They used a machine learning algorithm to classify each spectrogram based on its features. “The algorithm’s performance was tested against data with and without background noises to make sure it was learning the right sound features, regardless of the sensor’s environment,” Dr. Gatlin and associates wrote.

Their goal is to use the toilet sensor in areas where cholera is common to prevent the spread of disease. After that, who knows? “Perhaps someday, our algorithm can be used with existing in-home smart devices to monitor one’s own bowel movements and health!” she suggested.

That would be a heroic toilet indeed.

 

Bribery really is the solution to all of life’s problems

Breaking news: The United States has a bit of an obesity epidemic. Okay, maybe not so breaking news. But it’s a problem we’ve been struggling with for a very long time. Part of the issue is that there really is no secret to weight loss. Pretty much anything can work if you’re committed. The millions of diets floating around are testament to this idea.
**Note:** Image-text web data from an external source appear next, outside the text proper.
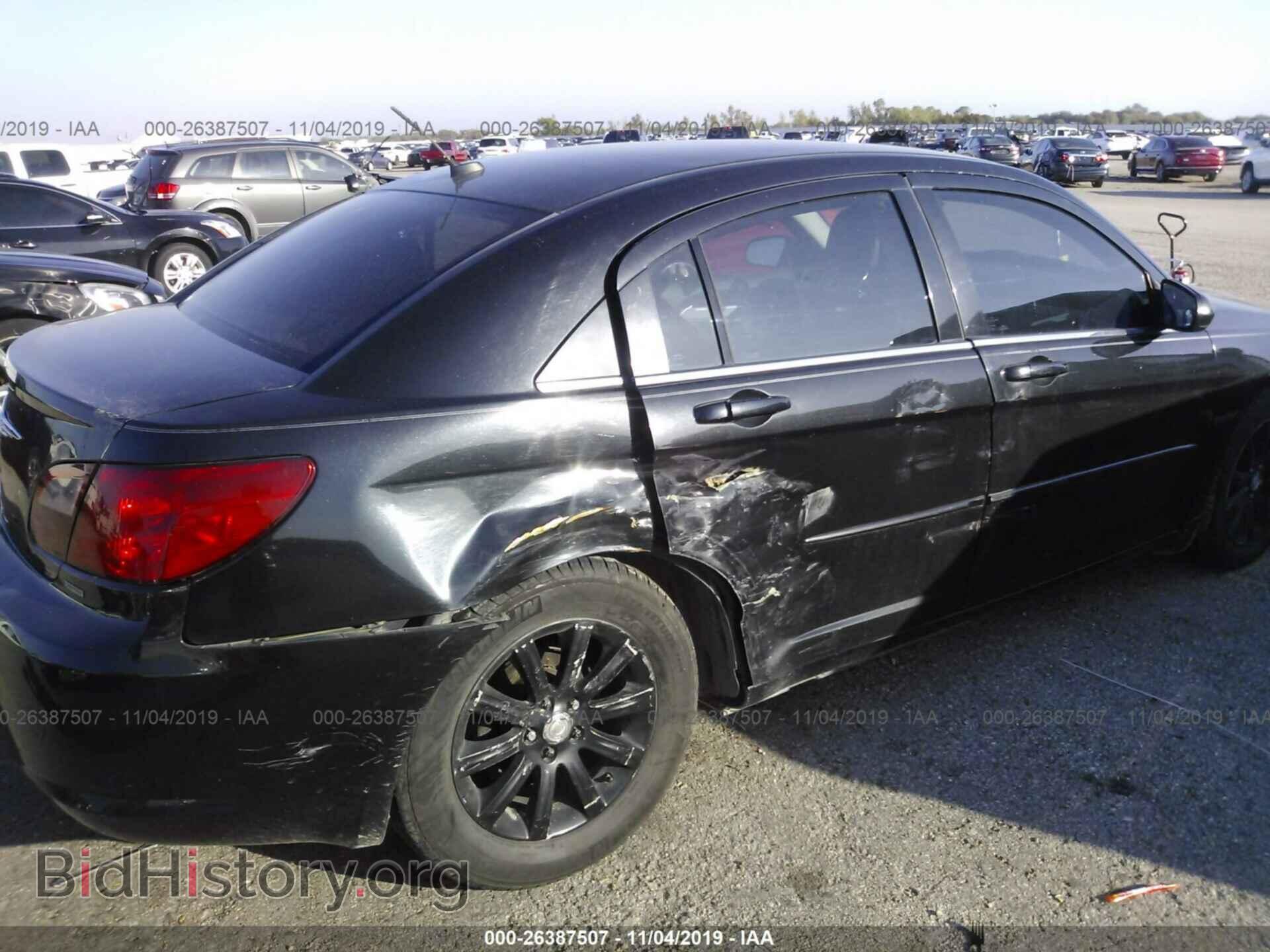 2010 CHRYSLER SEBRING - VIN: 1C3CC5FB9AN147419 - Фото 6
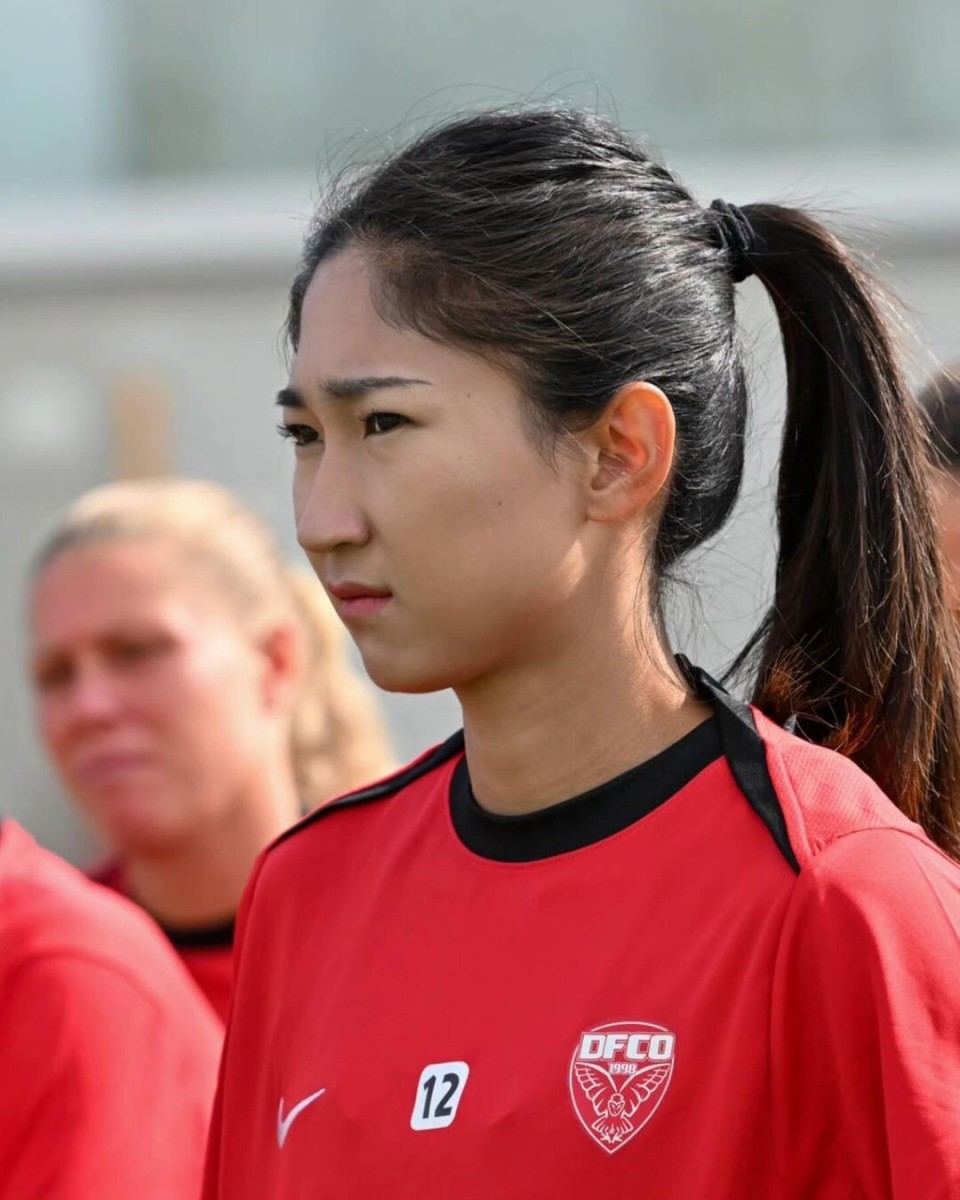 世界女足联赛盛大启幕,球迷热情参与观赛 世界女足联赛盛大启幕,球迷热情参与观赛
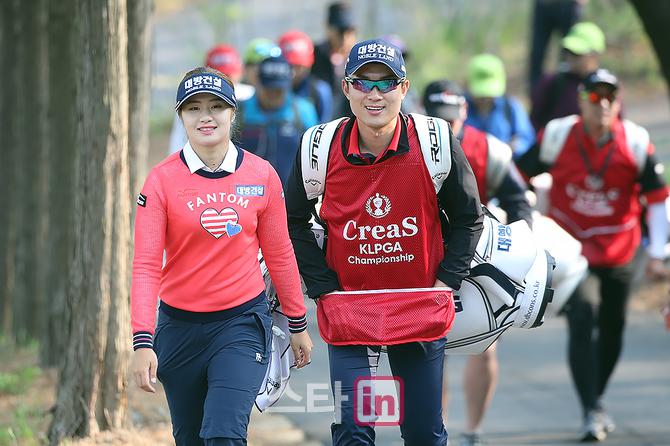 [포토] 럭키식스 이정은 '오솔길 따라 메이저 우승의 길로'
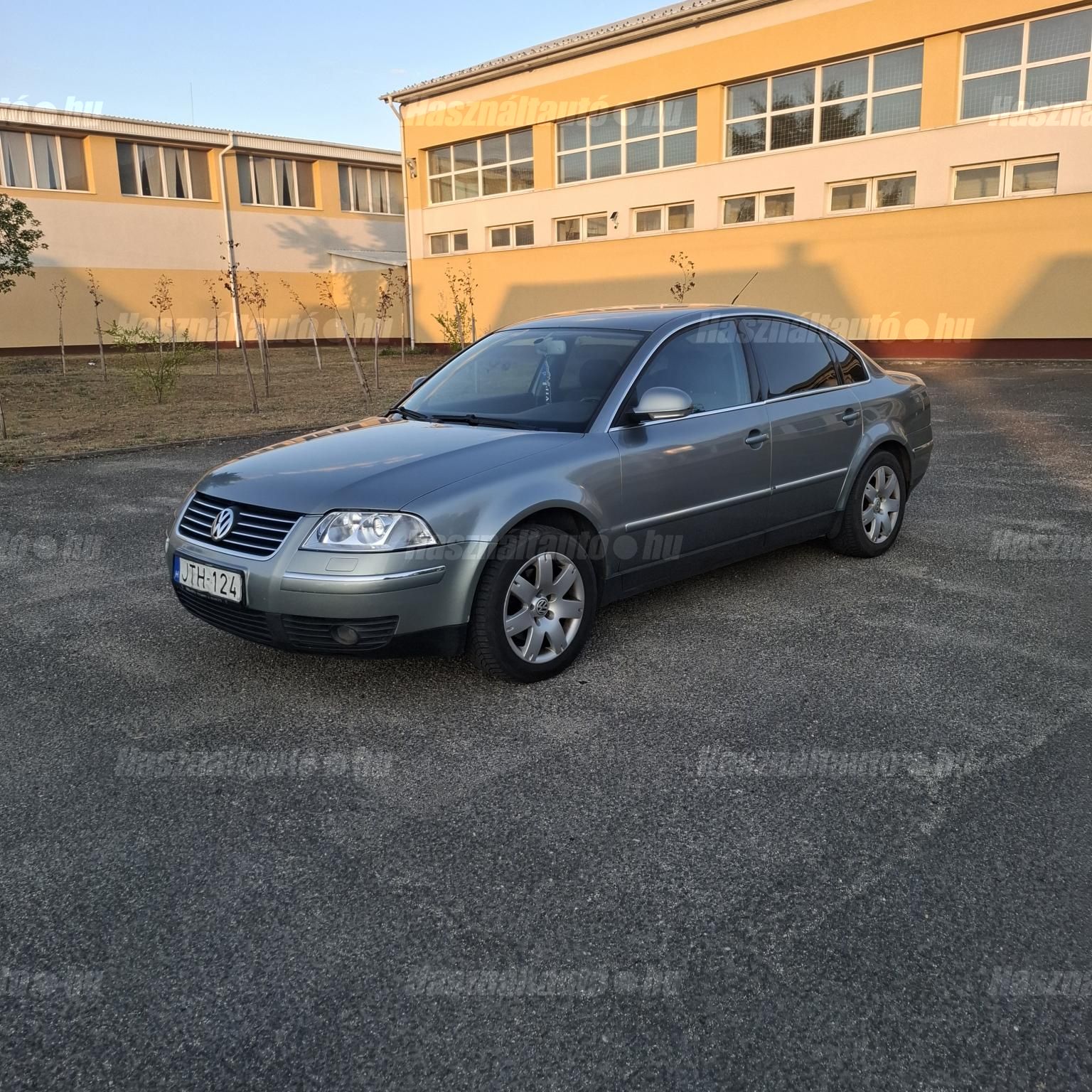 VOLKSWAGEN PASSAT V 2005/4 - 1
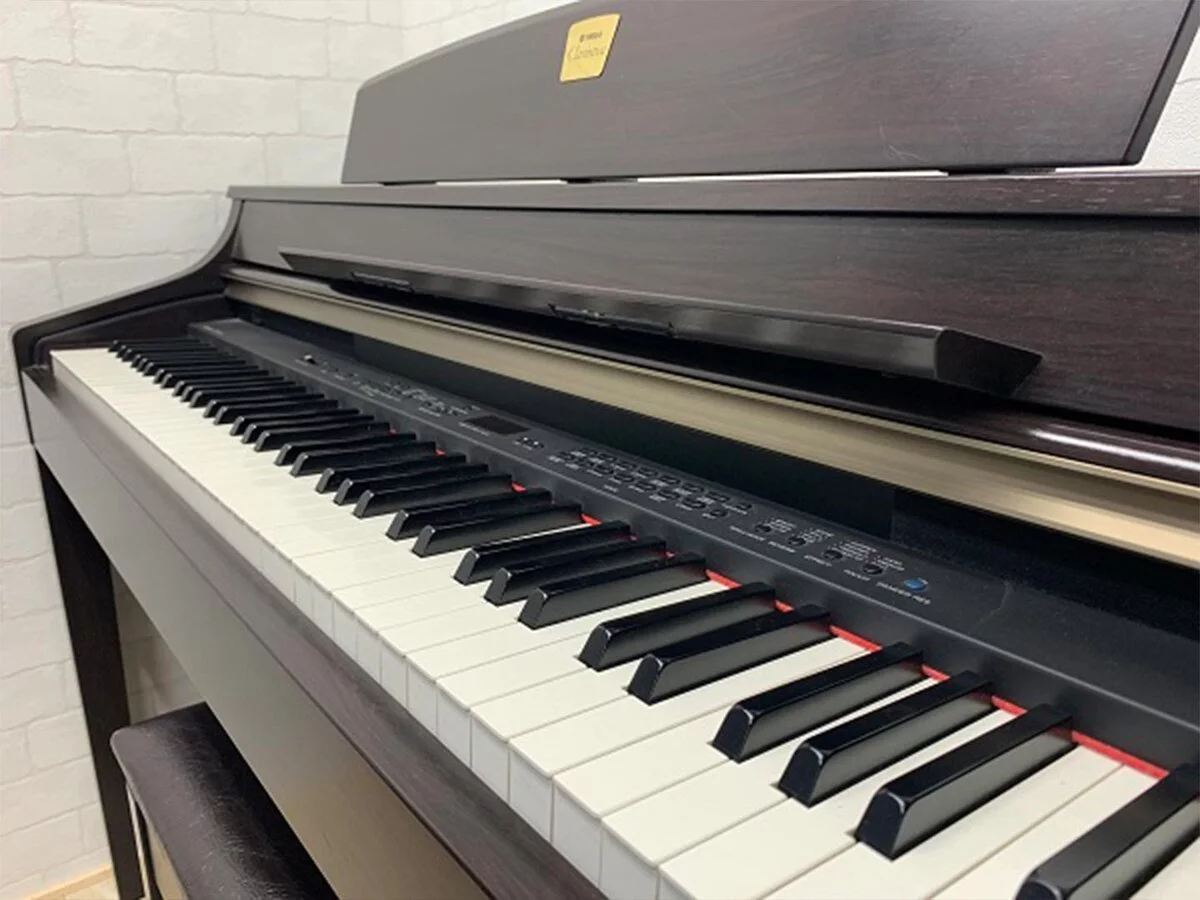 YAMAHA CLP-370 R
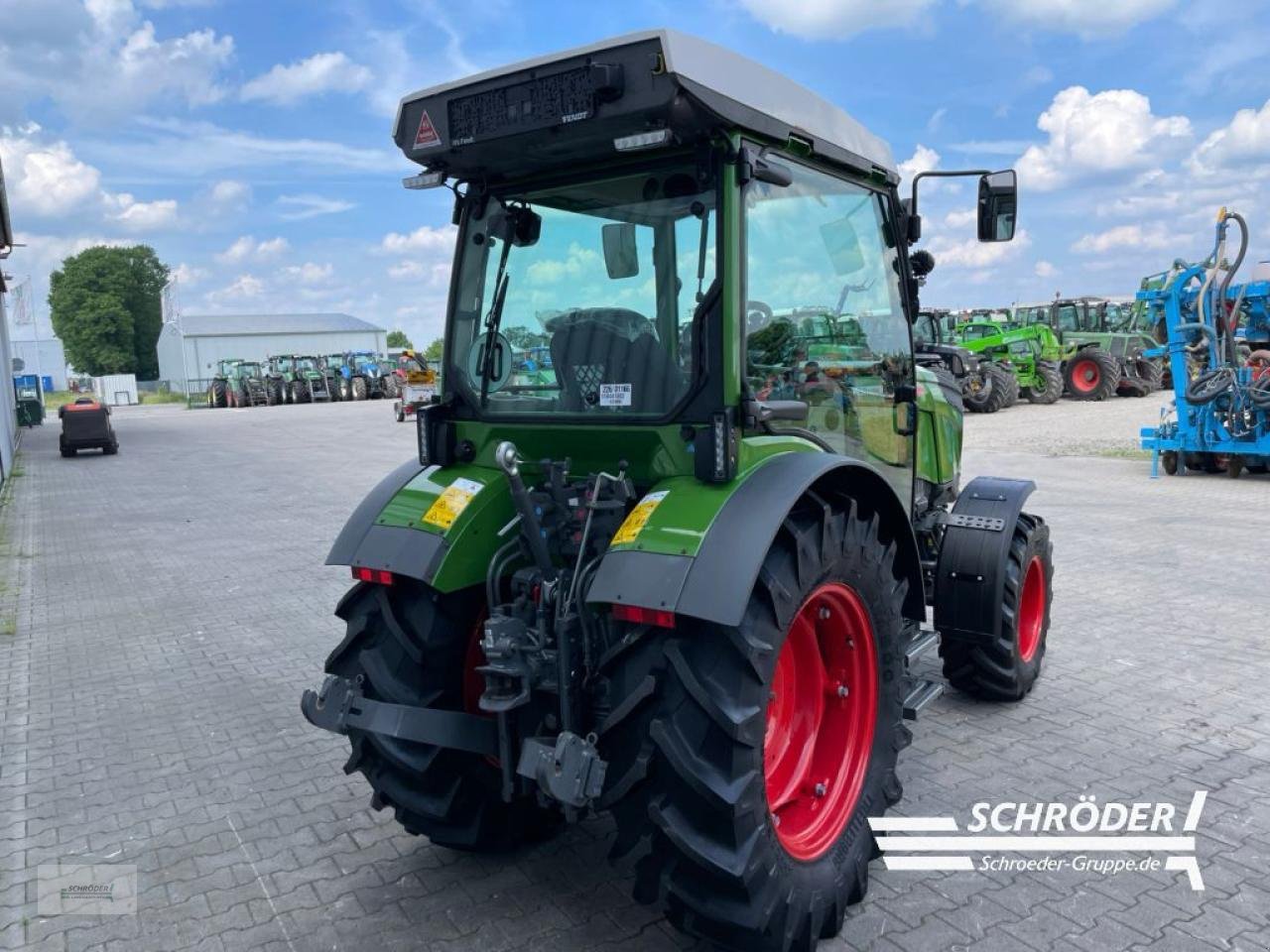 Traktor Türe ait Fendt 209 F VARIO GEN3 POWER, Gebrauchtmaschine içinde Wildeshausen (resim 3)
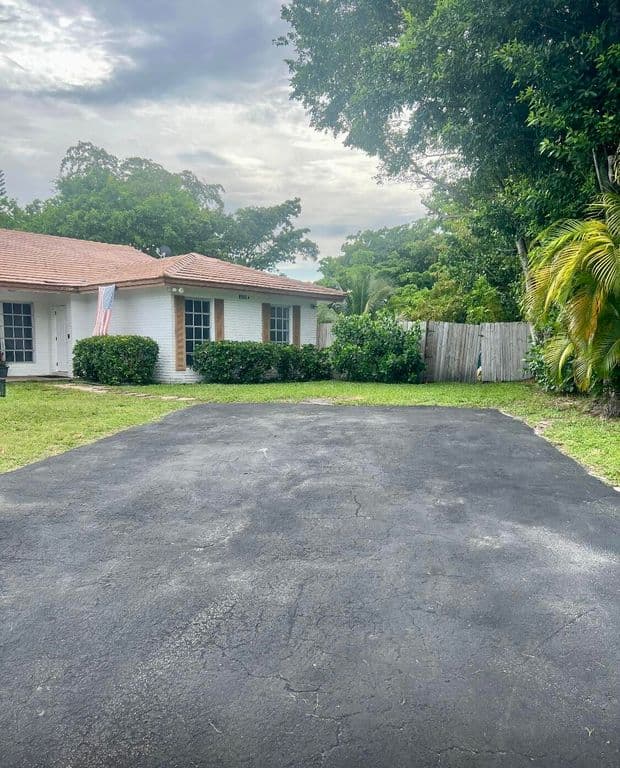 3-bedroom Single-Family Home — 8586 NW 23rd Manor #W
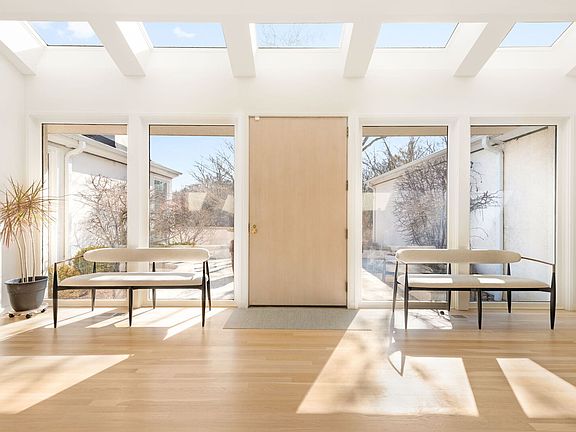 4th image of 2705 Bentley Rd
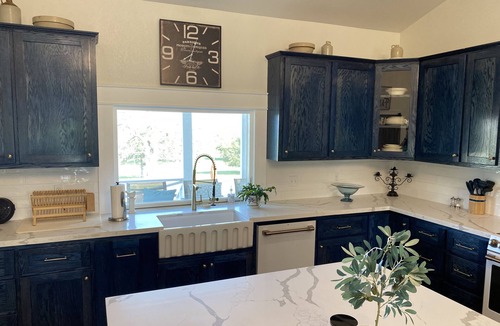 Fayetteville Other | Restored Family FarmhousenSleeps 14 - 4 Bedrooms - 2 Baths - Outside Shower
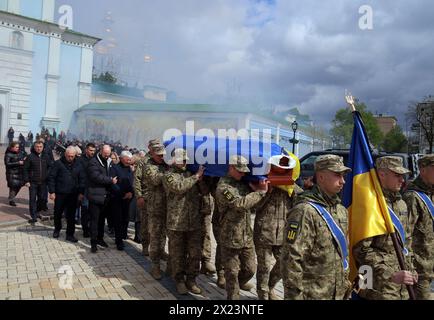 KIEV, UKRAINE - 19 AVRIL 2024 - des militaires portent le cercueil du sergent de la 59e brigade Pavlo Petrychenko qui a péri alors qu’il défendait l’Ukraine des troupes russes après le service commémoratif au monastère au dôme d’or de Saint Michel, Kiev, capitale de l’Ukraine. Pavlo Petrychenko, militaire et militant ukrainien, était sergent dans la 59e brigade d'infanterie motorisée séparée et auteur de la pétition qui exhortait à limiter les casinos en ligne pour le personnel militaire pendant la loi martiale, qui a recueilli les 25 000 votes devaient être examinés par le Président dans les heures suivant sa publication. Actualités Banque D'Images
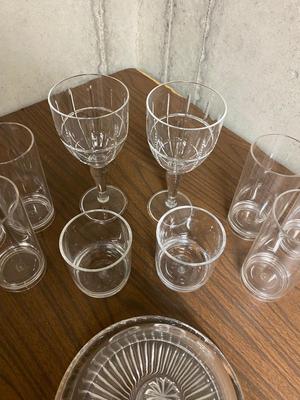 PLASTIC TUMBLERS AND WINE GLASSES, GLASS SERVING PLATTER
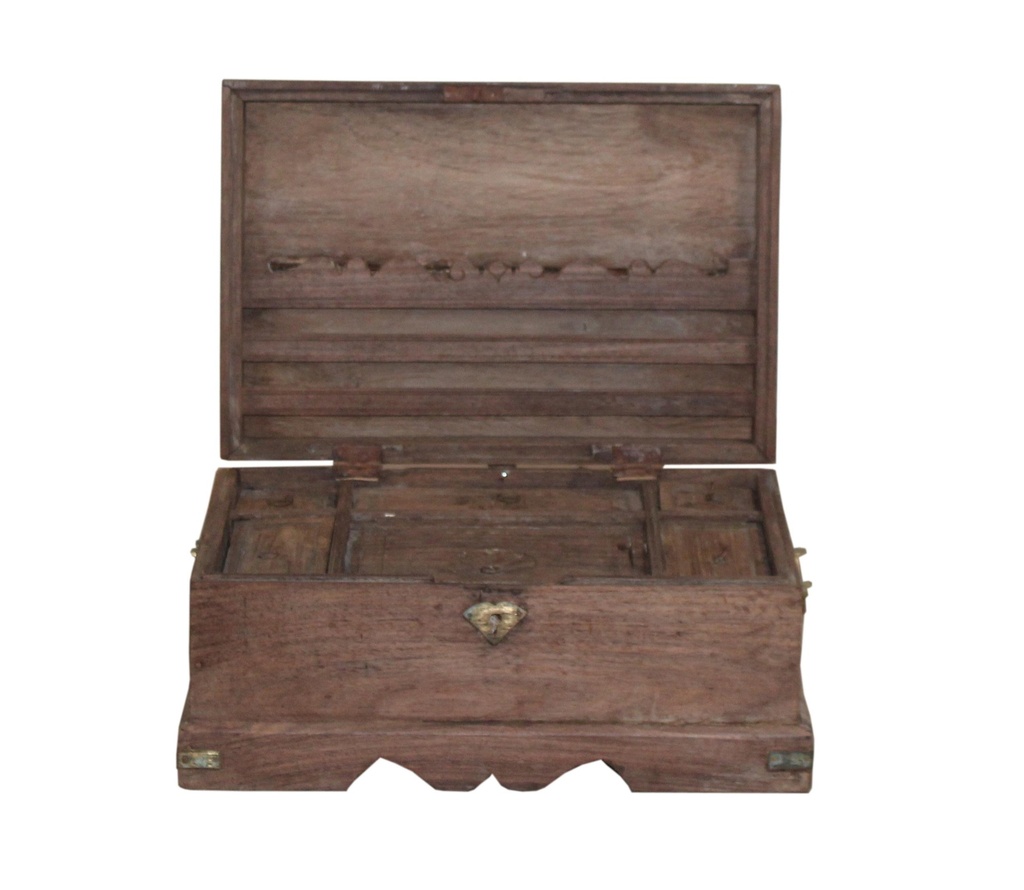 Coffre en teck ancien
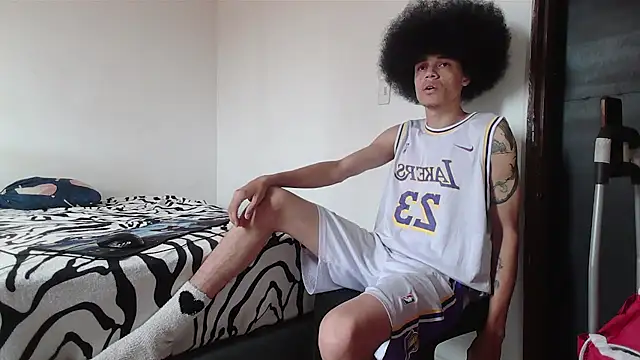 Smith Gael online show from October 18, 2025, 3:25 pm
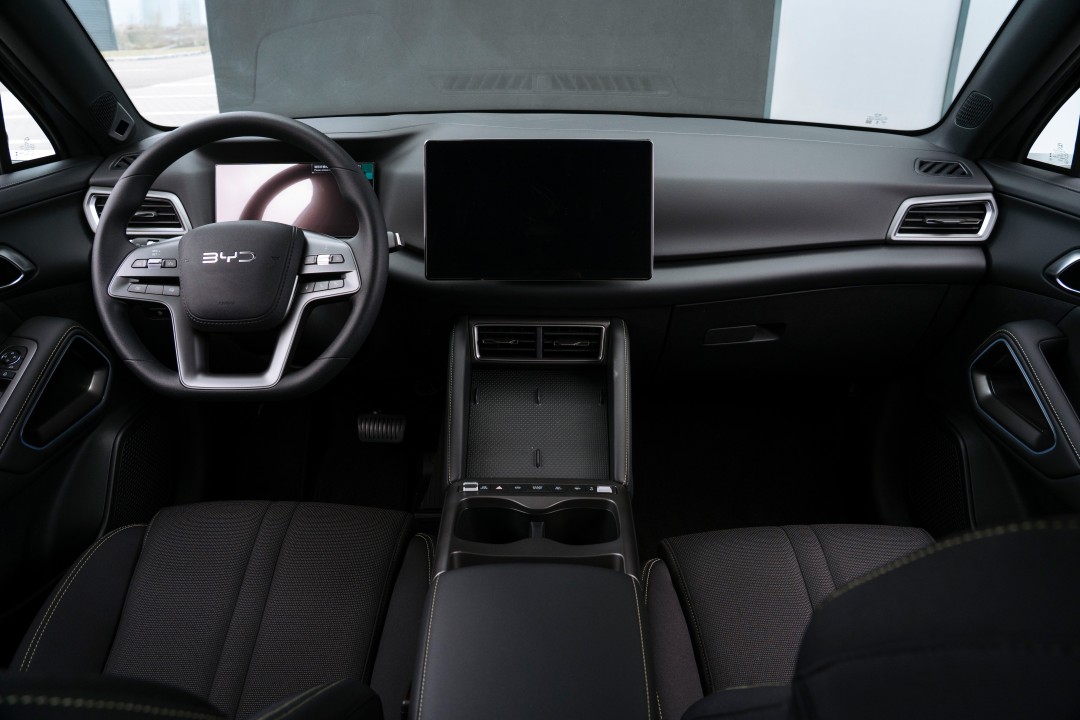 BYD ATTO 2 DM-i 5 Uși Active PHEV 122 KW AT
The problem of losing weight is amplified if you don’t rake in the big bucks. Lower-income individuals often can’t afford healthy superfoods, and they’re often too busy to spend time at classes, exercising, or following programs. A group of researchers at New York University has offered up an alternate solution to encourage weight loss in low-income people: Pay them.

Specifically, pay them for losing weight. A reward, if you will. The researchers recruited several hundred lower-income people and split them into three groups. All participants received a free 1-year membership to a gym and weight-loss program, as well as food journals and fitness devices, but one group received payment (on average, about $300 overall) for attending meetings, exercising a certain amount every week, or weighing themselves twice a week. About 40% of people in this group lost 5% of their body weight after 6 months, twice as many as in the group that did not receive payment for performing these tasks.

The big winners, however, were those in the third group. They also received the free stuff, but the researchers offered them a more simple and direct bribe: Lose 5% of your weight over 6 months and we’ll pay you. The reward? About $450 on average, and it worked very well, with half this group losing the weight after 6 months. That said, after a year something like a fifth of this group put the weight back on, bringing them in line with the group that was paid to perform tasks. Still, both groups outperformed the control group, which received no money.

The takeaway from this research is pretty obvious. Pay people a fair price to do something, and they’ll do it. This is a lesson that has absolutely no relevance in the modern world. Nope, none whatsoever. We all receive completely fair wages. We all have plenty of money to pay for things. Everything is fine.
 

More green space, less medicine

Have you heard of the 3-30-300 rule? Proposed by urban forester Cecil Konijnendijk, it’s become the rule of thumb for urban planners and other foresters into getting more green space in populated areas. A recent study has found that people who lived within this 3-30-300 rule had better mental health and less medication use.

rawpixel

If you’re not an urban forester, however, you may not know what the 3-30-300 rule is. But it’s pretty simple, people should be able to see at least three trees from their home, have 30% tree canopy in their neighborhood, and have 300 Spartans to defend against the Persian army.

We may have made that last one up. It’s actually have a green space or park within 300 meters of your home.

In the new study, only 4.7% of people surveyed lived in an area that followed all three rules. About 62% of the surveyed lived with a green space at least 300 meters away, 43% had at least three trees within 15 meters from their home, and a rather pitiful 9% had adequate tree canopy coverage in their neighborhood.

Greater adherence to the 3-30-300 rule was associated with fewer visits to the psychologist, with 8.3% of the participants reporting a psychologist visit in the last year. The data come from a sample of a little over 3,000 Barcelona residents aged 15-97 who were randomly selected to participate in the Barcelona Public Health Agency Survey.

“There is an urgent need to provide citizens with more green space,” said Mark Nieuwenhuijsen, lead author of the study. “We may need to tear out asphalt and plant more trees, which would not only improve health, but also reduce heat island effects and contribute to carbon capture.”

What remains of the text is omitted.